1. Vertigo (1958, Hitchcock)
2. Citizen Kane (1941, Welles)
3. Tokyo Story (1953, Yasujiro Ozu)
4. The Rules of the Game (1939, Jean Renoir)
5. Sunrise (1927, F.W. Murnau)
6. 2001: A Space Odyssey (1968, Stanley Kubrick)
7. The Searchers (1956, John Ford)
8. Man With a Movie Camera (1928, Dziga Vertov)
9. The Passion of Joan of Arc (1928, Carl Theodor Dreyer)
10. 8/12 (1963, Federico Fellini,)

Now, I've seen eight of the 10 films listed (I still haven't seen Sunrise or Man With a Movie Camera) and while it's a more than respectable list, it does feel a little boxed in. While the voters didn't sit down and decide not to have any post sixties films in the top ten, it's unfortunate that many of the great films from the 70s, 80s, 90s and the last decade are only represented outside of the top ten.

Now, Casablanca is my favourite film and it's not ranked at all. While I understand it's not as revolutionary as Citizen Kane or as psychologically probing or disturbing as Vertigo, its characters are as memorable and enjoyable as the ones in the aforementioned films, and while its filmed in a very classical Hollywood style, its images, the closeups of Bogie and Bergman, among others, really resonate. While I'm not a voter I've decided to throw out a top ten made up of personal favourites and films I just feel are great.

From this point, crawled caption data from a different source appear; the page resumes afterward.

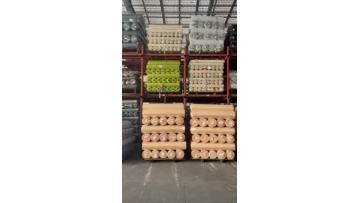 PVC/PU  warehouse/Sofa and bag PVC leather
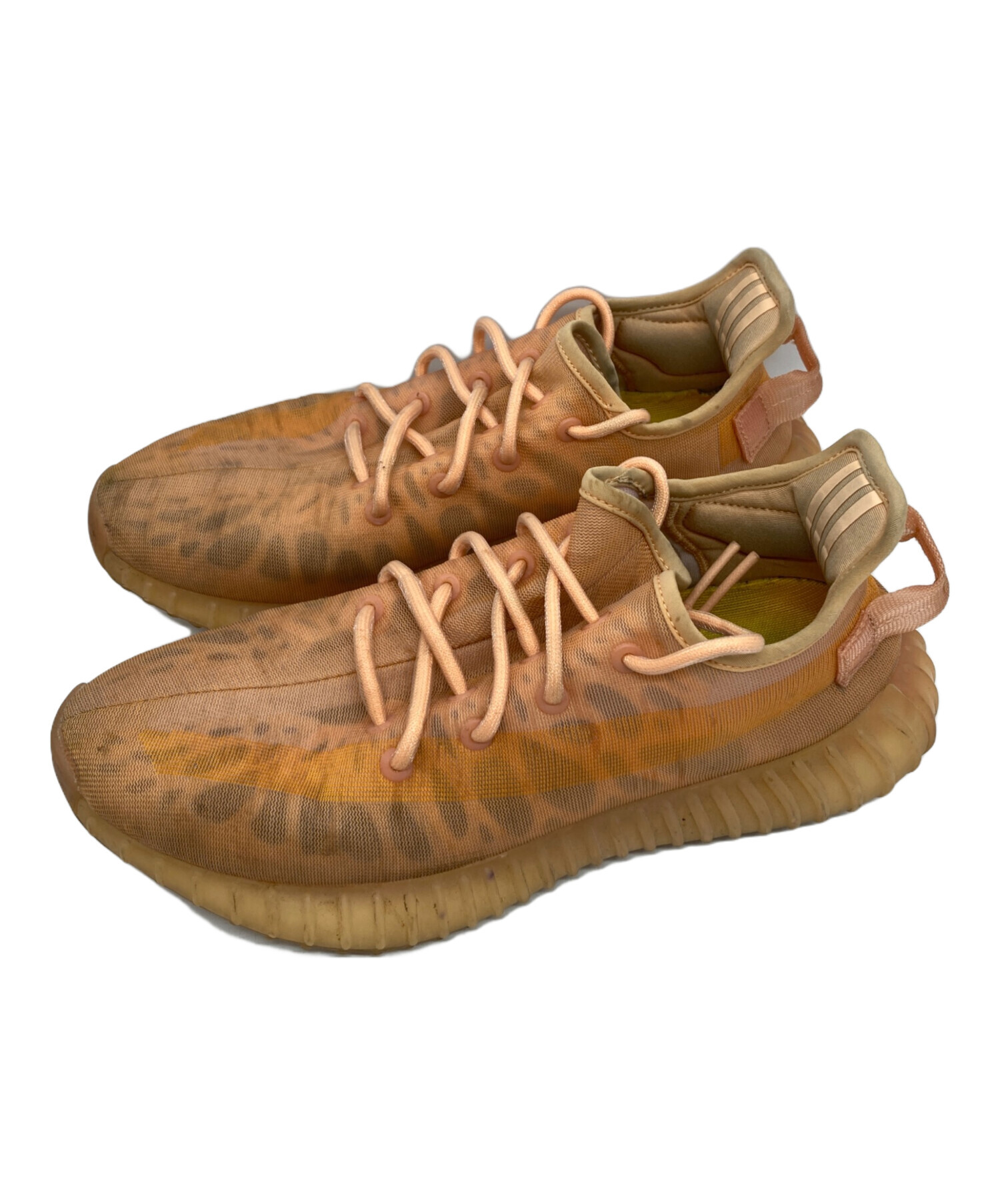 中古・古着通販】adidas (アディダス) YEEZY BOOST350V2 Mono Clay 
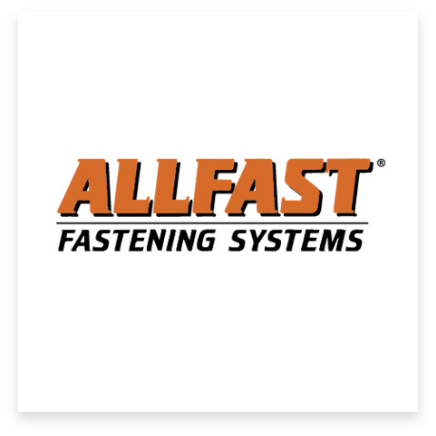 Allfast Fastening Systems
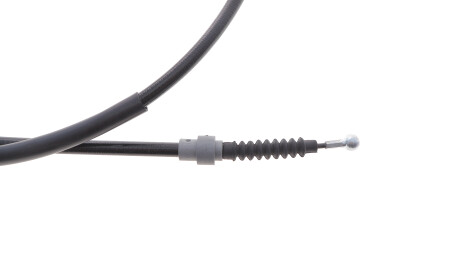 Фото 7 - Автозапчасть Cavo 7002 694 (7002694)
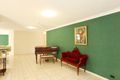 Property photo of 4 William Sharp Drive Coffs Harbour NSW 2450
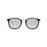LENTE DE SOL - SOLARIS PO FA - SOFPFGU09#BXS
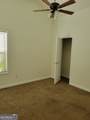 175 Spinner Drive - Photo 28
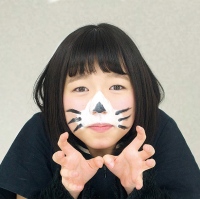 BELLRING少女ハート＆ゆるめるモ！メンバー『IDOL AND READ』イベ出演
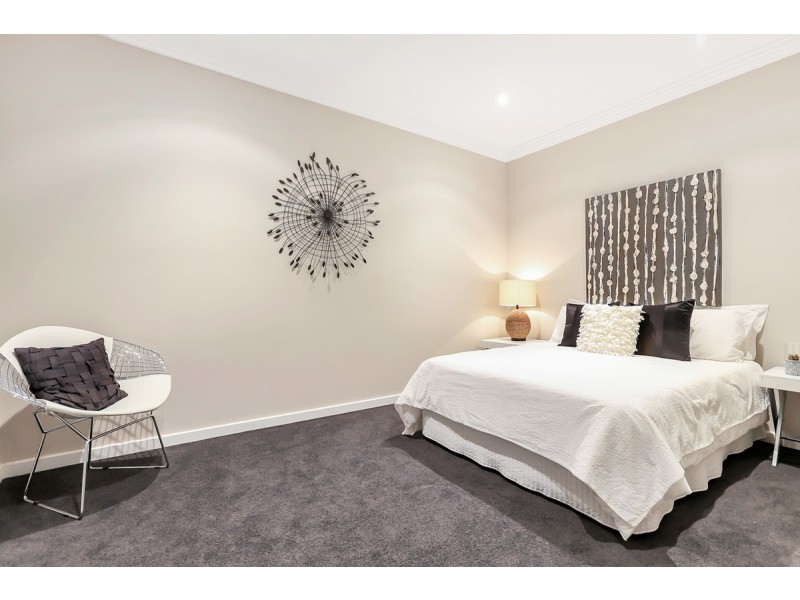 13b Range Road, Paradise SA 5075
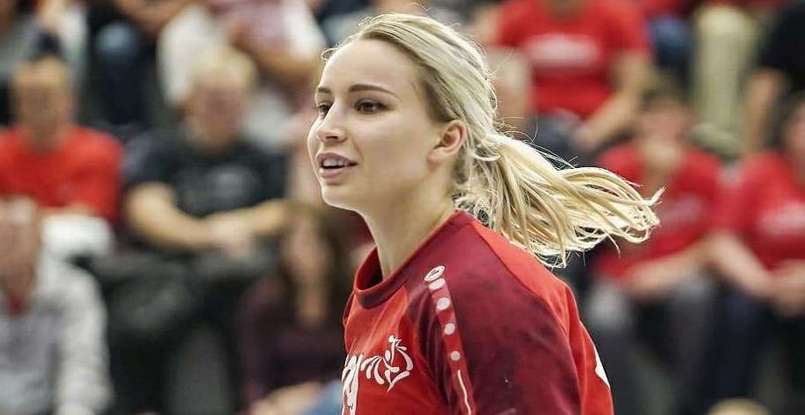 Суперлига. Наталья Чигиринова: "Если трезво смотреть на вещи, то в первый же год обыграть "Ростов-Дон" будет очень тяжело"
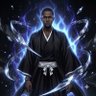 Shinigami (Kage Ren) profil fotoğrafı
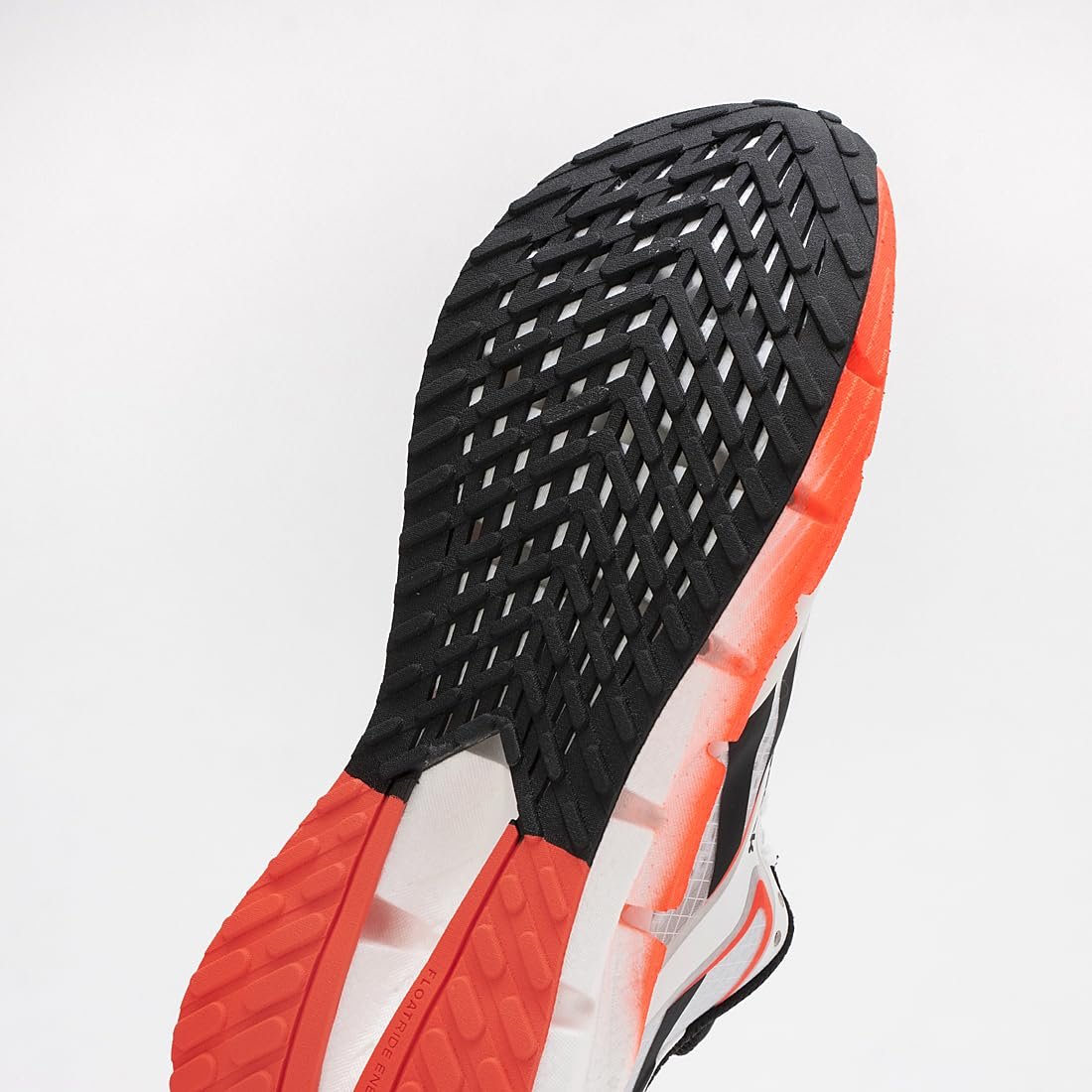 Кроссовки мужские Reebok Floatzig 1, фото №8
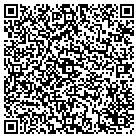 QR code with Awesome Pawsome Pet Sitting contacts
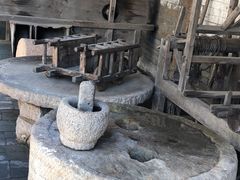 -王家大院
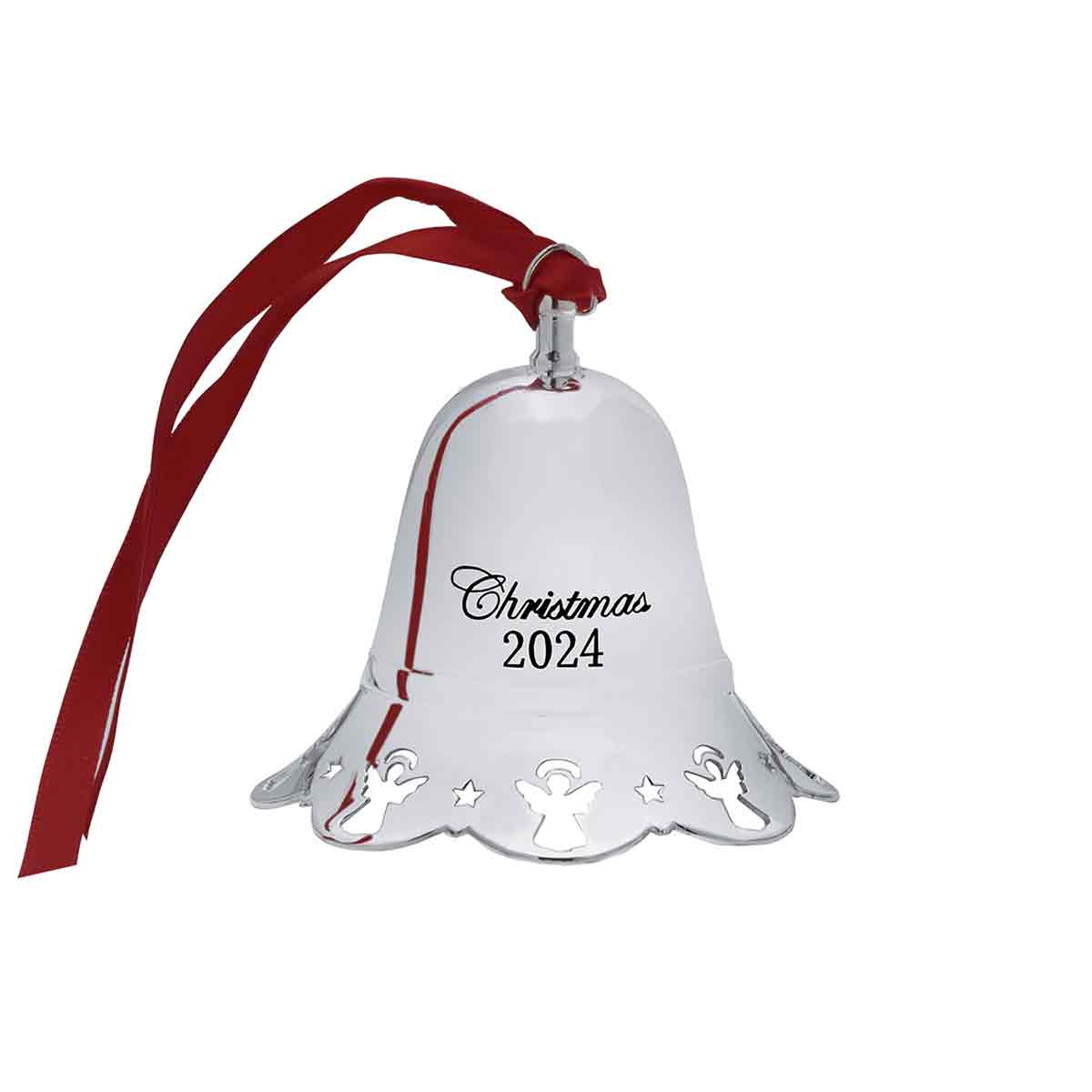 2024 Annual Musical Bell, 44th Edition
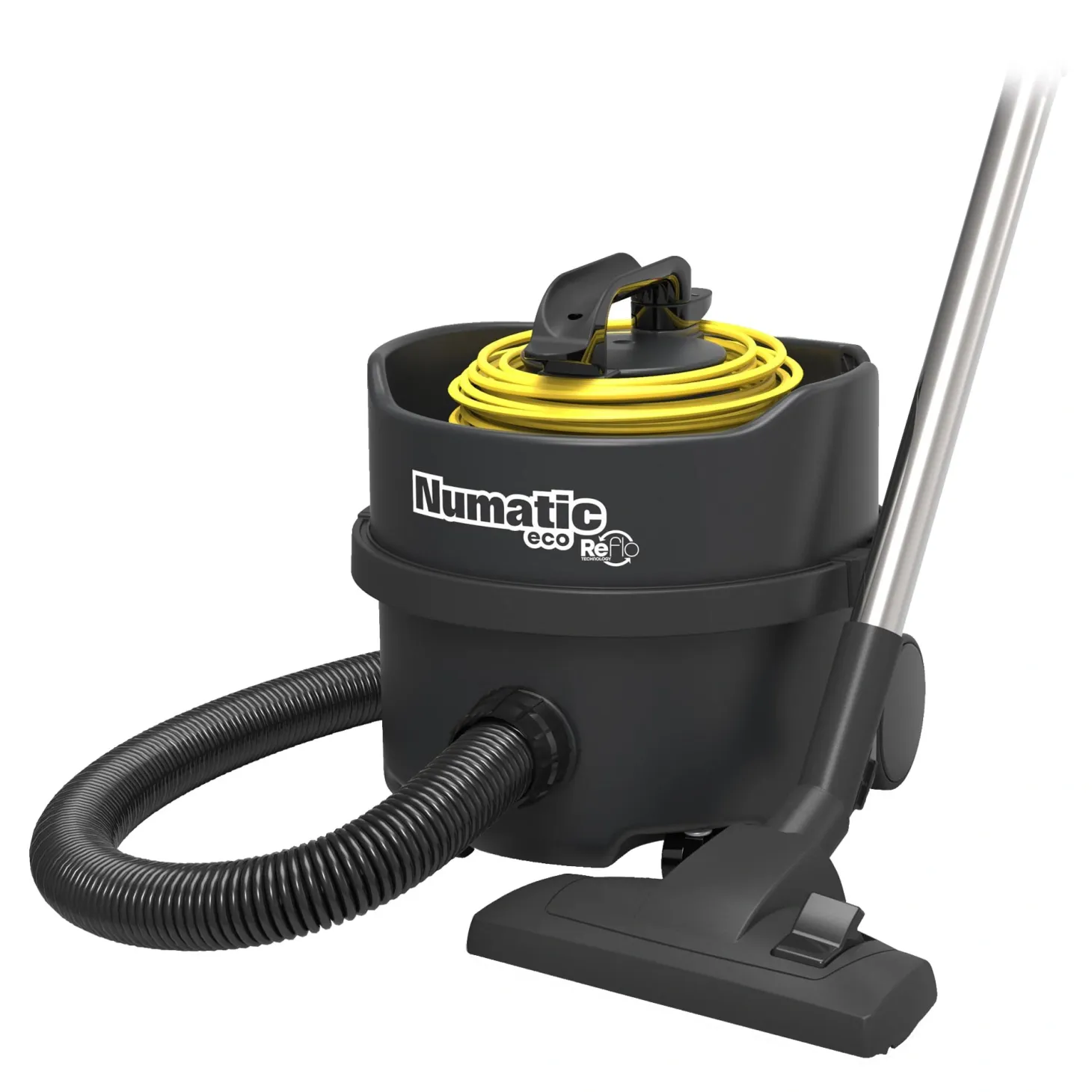 Numatic Staubsauger Numatic 180 Eco ERP180-11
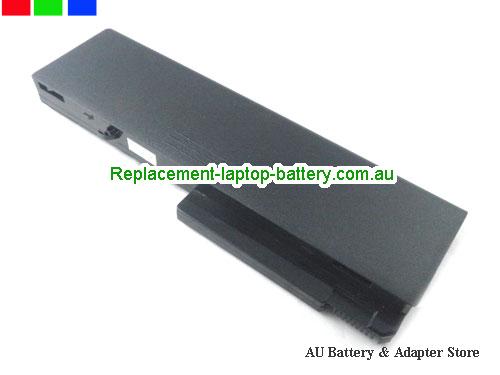  image 4 for Battery HSTNN-C66C-4, Australia HP HSTNN-C66C-4 Laptop Battery In Stock With Low Price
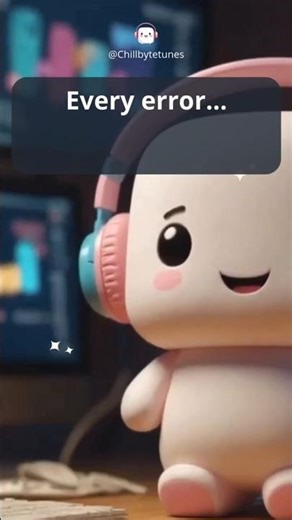 🎧 Chill Beats for Coders! Get in the Zone! [S07-038]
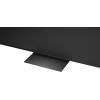 Телевизор LG 86QNED86A6A изображение 10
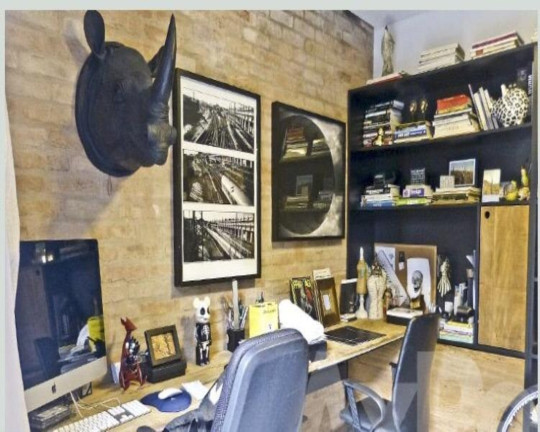 Imagem Casa com 3 Quartos à Venda, 250 m² em Jardim Paulistano - São Paulo Imagem Casa com 3 Quartos à Venda, 250 m² em Jardim Paulistano - São Paulo
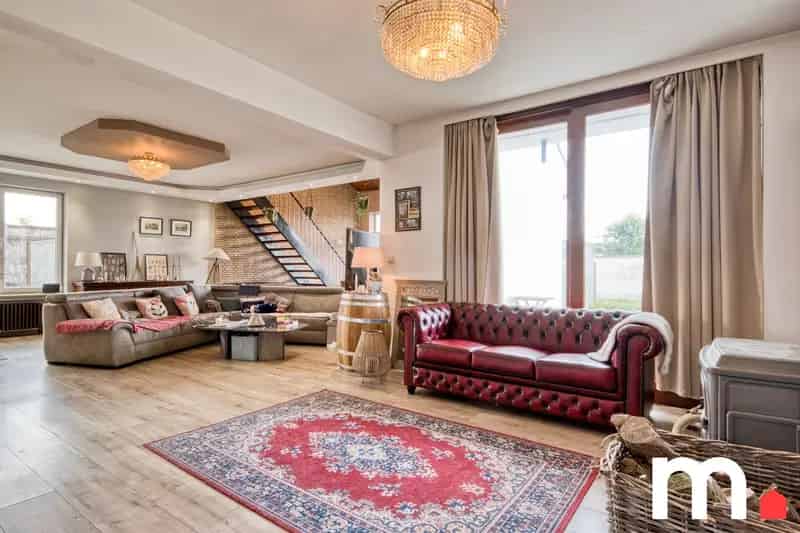 Huis te koop in Ledegem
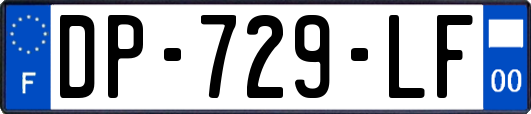 DP-729-LF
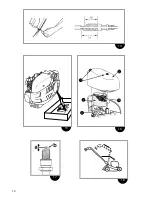 Preview for 30 page of Etesia ME53B User Manual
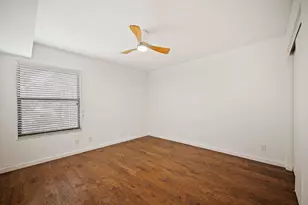 5701 Camino Del Sol, Boca Raton, FL 33433 - Photo 9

1. Casablanca (1943, Michael Curtiz)
2. Rear Window (1954, Hitchcock)
3. The Apartment (1960, Billy Wilder)
4. 12 Angry Men (1957, Sidney Lumet)
5. Citizen Kane (1941, Welles)
6. The Passion of Joan of Arc (1928, Dreyer)
7. Vertigo (1958, Hitchcock)
8. Taxi Driver (1976, Scorsese)
9. The Godfather (1972, Francis Ford Coppola)
10. Psycho (1960, Hitchcock)

And look, I only have one film from the seventies. Aren't I hypocritical. Pot, Kettle.There's also so many I left out! Singin' in the Rain!, GFII!, Goodfellas! Damn you lists! Anyway, those are some of my thoughts regarding the new Sight & Sound Poll. Whatever meaning lists like S&S have, if they make you want to revisit films you haven't seen for a while or discover one you've never seen, well, I think that's a pretty good thing.